Output the full listing verbatim.

========

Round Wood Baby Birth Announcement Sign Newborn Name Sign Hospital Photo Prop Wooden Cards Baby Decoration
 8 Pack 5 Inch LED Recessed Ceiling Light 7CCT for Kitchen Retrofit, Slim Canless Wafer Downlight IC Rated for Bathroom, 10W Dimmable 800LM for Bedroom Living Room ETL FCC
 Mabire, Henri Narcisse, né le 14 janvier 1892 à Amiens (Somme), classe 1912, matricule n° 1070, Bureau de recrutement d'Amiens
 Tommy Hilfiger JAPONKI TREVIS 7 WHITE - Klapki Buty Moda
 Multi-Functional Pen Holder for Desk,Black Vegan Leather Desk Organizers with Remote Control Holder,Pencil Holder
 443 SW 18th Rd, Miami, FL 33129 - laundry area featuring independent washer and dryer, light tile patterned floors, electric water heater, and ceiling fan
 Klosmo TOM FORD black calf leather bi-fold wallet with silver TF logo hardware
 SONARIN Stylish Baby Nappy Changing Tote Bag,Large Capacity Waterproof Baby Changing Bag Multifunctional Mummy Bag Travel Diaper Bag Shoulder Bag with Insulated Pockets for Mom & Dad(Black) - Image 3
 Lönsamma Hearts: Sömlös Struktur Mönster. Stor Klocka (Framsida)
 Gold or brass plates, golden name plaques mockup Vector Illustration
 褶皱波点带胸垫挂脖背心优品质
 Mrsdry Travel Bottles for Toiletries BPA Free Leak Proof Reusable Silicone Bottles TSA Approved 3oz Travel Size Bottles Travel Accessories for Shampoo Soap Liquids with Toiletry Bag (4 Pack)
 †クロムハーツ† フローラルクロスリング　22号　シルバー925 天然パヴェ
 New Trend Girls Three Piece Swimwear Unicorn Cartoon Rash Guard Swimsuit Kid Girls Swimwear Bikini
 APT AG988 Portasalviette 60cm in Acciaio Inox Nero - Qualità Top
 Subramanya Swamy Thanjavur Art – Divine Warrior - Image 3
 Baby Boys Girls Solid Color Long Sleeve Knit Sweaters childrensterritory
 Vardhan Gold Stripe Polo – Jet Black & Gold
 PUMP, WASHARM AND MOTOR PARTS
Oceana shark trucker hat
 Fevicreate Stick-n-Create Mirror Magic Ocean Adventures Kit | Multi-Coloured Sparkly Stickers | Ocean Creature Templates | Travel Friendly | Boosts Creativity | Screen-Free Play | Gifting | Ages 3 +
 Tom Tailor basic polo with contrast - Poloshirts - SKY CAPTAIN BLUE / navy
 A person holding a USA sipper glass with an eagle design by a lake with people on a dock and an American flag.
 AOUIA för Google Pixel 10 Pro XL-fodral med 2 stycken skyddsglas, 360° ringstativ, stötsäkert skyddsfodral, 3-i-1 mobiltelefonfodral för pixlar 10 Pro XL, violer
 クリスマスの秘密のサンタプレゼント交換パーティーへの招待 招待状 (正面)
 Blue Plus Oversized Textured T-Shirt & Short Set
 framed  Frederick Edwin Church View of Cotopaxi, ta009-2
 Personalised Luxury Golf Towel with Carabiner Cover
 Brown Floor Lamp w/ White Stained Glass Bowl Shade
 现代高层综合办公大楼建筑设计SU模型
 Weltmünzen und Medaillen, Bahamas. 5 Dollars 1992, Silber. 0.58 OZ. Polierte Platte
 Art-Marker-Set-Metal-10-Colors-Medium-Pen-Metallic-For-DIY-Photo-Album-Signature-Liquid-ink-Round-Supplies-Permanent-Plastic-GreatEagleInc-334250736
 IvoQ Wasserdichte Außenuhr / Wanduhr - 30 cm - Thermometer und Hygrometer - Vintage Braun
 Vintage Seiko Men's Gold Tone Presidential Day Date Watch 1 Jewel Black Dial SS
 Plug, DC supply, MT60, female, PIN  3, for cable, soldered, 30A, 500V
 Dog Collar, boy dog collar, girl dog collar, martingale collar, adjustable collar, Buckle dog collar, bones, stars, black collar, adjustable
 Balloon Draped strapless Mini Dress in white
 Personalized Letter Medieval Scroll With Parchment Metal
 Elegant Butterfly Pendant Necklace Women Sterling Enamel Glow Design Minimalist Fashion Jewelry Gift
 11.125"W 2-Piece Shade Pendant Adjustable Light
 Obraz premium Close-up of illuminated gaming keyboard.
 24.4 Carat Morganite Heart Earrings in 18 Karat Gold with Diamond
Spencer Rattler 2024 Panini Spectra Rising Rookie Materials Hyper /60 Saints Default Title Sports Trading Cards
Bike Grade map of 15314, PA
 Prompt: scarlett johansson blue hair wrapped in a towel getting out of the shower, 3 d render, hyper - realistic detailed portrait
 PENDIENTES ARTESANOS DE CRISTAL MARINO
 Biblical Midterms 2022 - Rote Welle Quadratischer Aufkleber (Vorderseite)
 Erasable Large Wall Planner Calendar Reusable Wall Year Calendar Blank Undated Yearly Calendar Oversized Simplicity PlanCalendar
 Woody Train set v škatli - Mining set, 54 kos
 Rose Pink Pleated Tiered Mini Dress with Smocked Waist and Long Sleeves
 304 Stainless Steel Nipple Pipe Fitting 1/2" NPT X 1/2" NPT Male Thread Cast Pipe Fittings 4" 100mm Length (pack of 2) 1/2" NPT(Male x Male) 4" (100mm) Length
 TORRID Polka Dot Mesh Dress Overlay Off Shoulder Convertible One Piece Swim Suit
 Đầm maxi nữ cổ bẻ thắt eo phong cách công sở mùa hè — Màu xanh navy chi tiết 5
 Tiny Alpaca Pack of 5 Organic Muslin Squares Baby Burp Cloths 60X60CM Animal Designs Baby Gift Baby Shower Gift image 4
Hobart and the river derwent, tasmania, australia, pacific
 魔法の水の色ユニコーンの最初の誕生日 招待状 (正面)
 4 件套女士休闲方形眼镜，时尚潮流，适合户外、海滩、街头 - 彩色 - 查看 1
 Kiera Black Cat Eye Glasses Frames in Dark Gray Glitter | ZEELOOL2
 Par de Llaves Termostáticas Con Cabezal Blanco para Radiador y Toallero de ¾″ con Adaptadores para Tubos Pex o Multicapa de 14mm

========

Result for this task -
Round Wood Baby Birth Announcement Sign Newborn Name Sign Hospital Photo Prop Wooden Cards Baby Decoration
 8 Pack 5 Inch LED Recessed Ceiling Light 7CCT for Kitchen Retrofit, Slim Canless Wafer Downlight IC Rated for Bathroom, 10W Dimmable 800LM for Bedroom Living Room ETL FCC
 Mabire, Henri Narcisse, né le 14 janvier 1892 à Amiens (Somme), classe 1912, matricule n° 1070, Bureau de recrutement d'Amiens
 Tommy Hilfiger JAPONKI TREVIS 7 WHITE - Klapki Buty Moda
 Multi-Functional Pen Holder for Desk,Black Vegan Leather Desk Organizers with Remote Control Holder,Pencil Holder
 443 SW 18th Rd, Miami, FL 33129 - laundry area featuring independent washer and dryer, light tile patterned floors, electric water heater, and ceiling fan
 Klosmo TOM FORD black calf leather bi-fold wallet with silver TF logo hardware
 SONARIN Stylish Baby Nappy Changing Tote Bag,Large Capacity Waterproof Baby Changing Bag Multifunctional Mummy Bag Travel Diaper Bag Shoulder Bag with Insulated Pockets for Mom & Dad(Black) - Image 3
 Lönsamma Hearts: Sömlös Struktur Mönster. Stor Klocka (Framsida)
 Gold or brass plates, golden name plaques mockup Vector Illustration
 褶皱波点带胸垫挂脖背心优品质
 Mrsdry Travel Bottles for Toiletries BPA Free Leak Proof Reusable Silicone Bottles TSA Approved 3oz Travel Size Bottles Travel Accessories for Shampoo Soap Liquids with Toiletry Bag (4 Pack)
 †クロムハーツ† フローラルクロスリング　22号　シルバー925 天然パヴェ
 New Trend Girls Three Piece Swimwear Unicorn Cartoon Rash Guard Swimsuit Kid Girls Swimwear Bikini
 APT AG988 Portasalviette 60cm in Acciaio Inox Nero - Qualità Top
 Subramanya Swamy Thanjavur Art – Divine Warrior - Image 3
 Baby Boys Girls Solid Color Long Sleeve Knit Sweaters childrensterritory
 Vardhan Gold Stripe Polo – Jet Black & Gold
 PUMP, WASHARM AND MOTOR PARTS
Oceana shark trucker hat
 Fevicreate Stick-n-Create Mirror Magic Ocean Adventures Kit | Multi-Coloured Sparkly Stickers | Ocean Creature Templates | Travel Friendly | Boosts Creativity | Screen-Free Play | Gifting | Ages 3 +
 Tom Tailor basic polo with contrast - Poloshirts - SKY CAPTAIN BLUE / navy
 A person holding a USA sipper glass with an eagle design by a lake with people on a dock and an American flag.
 AOUIA för Google Pixel 10 Pro XL-fodral med 2 stycken skyddsglas, 360° ringstativ, stötsäkert skyddsfodral, 3-i-1 mobiltelefonfodral för pixlar 10 Pro XL, violer
 クリスマスの秘密のサンタプレゼント交換パーティーへの招待 招待状 (正面)
 Blue Plus Oversized Textured T-Shirt & Short Set
 framed  Frederick Edwin Church View of Cotopaxi, ta009-2
 Personalised Luxury Golf Towel with Carabiner Cover
 Brown Floor Lamp w/ White Stained Glass Bowl Shade
 现代高层综合办公大楼建筑设计SU模型
 Weltmünzen und Medaillen, Bahamas. 5 Dollars 1992, Silber. 0.58 OZ. Polierte Platte
 Art-Marker-Set-Metal-10-Colors-Medium-Pen-Metallic-For-DIY-Photo-Album-Signature-Liquid-ink-Round-Supplies-Permanent-Plastic-GreatEagleInc-334250736
 IvoQ Wasserdichte Außenuhr / Wanduhr - 30 cm - Thermometer und Hygrometer - Vintage Braun
 Vintage Seiko Men's Gold Tone Presidential Day Date Watch 1 Jewel Black Dial SS
 Plug, DC supply, MT60, female, PIN  3, for cable, soldered, 30A, 500V
 Dog Collar, boy dog collar, girl dog collar, martingale collar, adjustable collar, Buckle dog collar, bones, stars, black collar, adjustable
 Balloon Draped strapless Mini Dress in white
 Personalized Letter Medieval Scroll With Parchment Metal
 Elegant Butterfly Pendant Necklace Women Sterling Enamel Glow Design Minimalist Fashion Jewelry Gift
 11.125"W 2-Piece Shade Pendant Adjustable Light
 Obraz premium Close-up of illuminated gaming keyboard.
 24.4 Carat Morganite Heart Earrings in 18 Karat Gold with Diamond
Spencer Rattler 2024 Panini Spectra Rising Rookie Materials Hyper /60 Saints Default Title Sports Trading Cards
Bike Grade map of 15314, PA
 Prompt: scarlett johansson blue hair wrapped in a towel getting out of the shower, 3 d render, hyper - realistic detailed portrait
 PENDIENTES ARTESANOS DE CRISTAL MARINO
 Biblical Midterms 2022 - Rote Welle Quadratischer Aufkleber (Vorderseite)
 Erasable Large Wall Planner Calendar Reusable Wall Year Calendar Blank Undated Yearly Calendar Oversized Simplicity PlanCalendar
 Woody Train set v škatli - Mining set, 54 kos
 Rose Pink Pleated Tiered Mini Dress with Smocked Waist and Long Sleeves
 304 Stainless Steel Nipple Pipe Fitting 1/2" NPT X 1/2" NPT Male Thread Cast Pipe Fittings 4" 100mm Length (pack of 2) 1/2" NPT(Male x Male) 4" (100mm) Length
 TORRID Polka Dot Mesh Dress Overlay Off Shoulder Convertible One Piece Swim Suit
 Đầm maxi nữ cổ bẻ thắt eo phong cách công sở mùa hè — Màu xanh navy chi tiết 5
 Tiny Alpaca Pack of 5 Organic Muslin Squares Baby Burp Cloths 60X60CM Animal Designs Baby Gift Baby Shower Gift image 4
Hobart and the river derwent, tasmania, australia, pacific
 魔法の水の色ユニコーンの最初の誕生日 招待状 (正面)
 4 件套女士休闲方形眼镜，时尚潮流，适合户外、海滩、街头 - 彩色 - 查看 1
 Kiera Black Cat Eye Glasses Frames in Dark Gray Glitter | ZEELOOL2
 Par de Llaves Termostáticas Con Cabezal Blanco para Radiador y Toallero de ¾″ con Adaptadores para Tubos Pex o Multicapa de 14mm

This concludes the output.